This recipe comes from Ester Restaurant in Sydney. The restaurant serves it with a cultured kefir cream, dashi jelly and salmon roe but it the “crusty on the outside and pillowy insides” told me that it would work just as good with some garlic prawns.
The recipe is a test of patience but it is well worth the wait. You’ll have to make the “potato ferment” five days before using it and then you proceed as if you were making a sourdough recipe (so, yes, you will also need a sourdough starter).
Ester’s Potato Bread
- 250 g Dutch Cream Potatoes
- 375 g water, heated to 27c
- 100 g levain (sourdough starter near it’s peak)
- 450 g white baker’s flour
- 50 g wholemeal baker’s flour
- 13g salt, plus extra for the potatoes
- Boil the potatoes until full cooked, then strain and pass through a ricer or mouli to form a smooth puree. Add 2% salt based on the weight of the potatoes. For example, 100 grams potatoes is 2 grams salt. Then place in a vacuum-seal bag and remove all the air. Leave this at room temperature for 5 days. Sometimes the bag will puff up (mine didn’t). Refrigerate the mix until needed.
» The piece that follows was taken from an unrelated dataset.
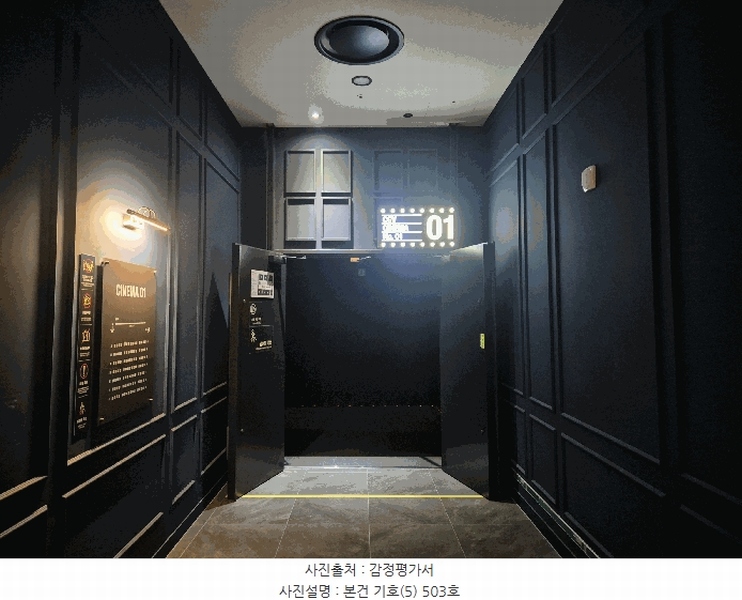 2025타경698 경상남도 진주시 에나로127번길 30, 드림어반스퀘어 4층 406호외8개호 근린상가 경매 이미지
- To make the bread, mix the water, 100 g fermented potato, and levain in a bowl of a stand mixer. Add in the two flours and salt. Using the dough hook attachment, mix on medium speed for 8 minutes.
- Allow the dough to bulk ferment for around 4 to 5 hours (depending on the weather, the colder it is, the longer you will need). Stretch and fold every 30 minutes for the first 2 hours (four folds in total). At this stage you can put it in the fridge or use it straight away.
- To use, pre-heat the oven with a pizza stone to as high as you can get it (at least 250c). Form the dough in to bread rolls (around 130g each) and allow to rest until the oven is ready.
- When ready to bake, slide the rolls on top of the pizza stone and throw in a few ice cubes in the oven to create some steam.
- Bake for 13 minutes. Remove then brush with olive oil and top with salt flakes.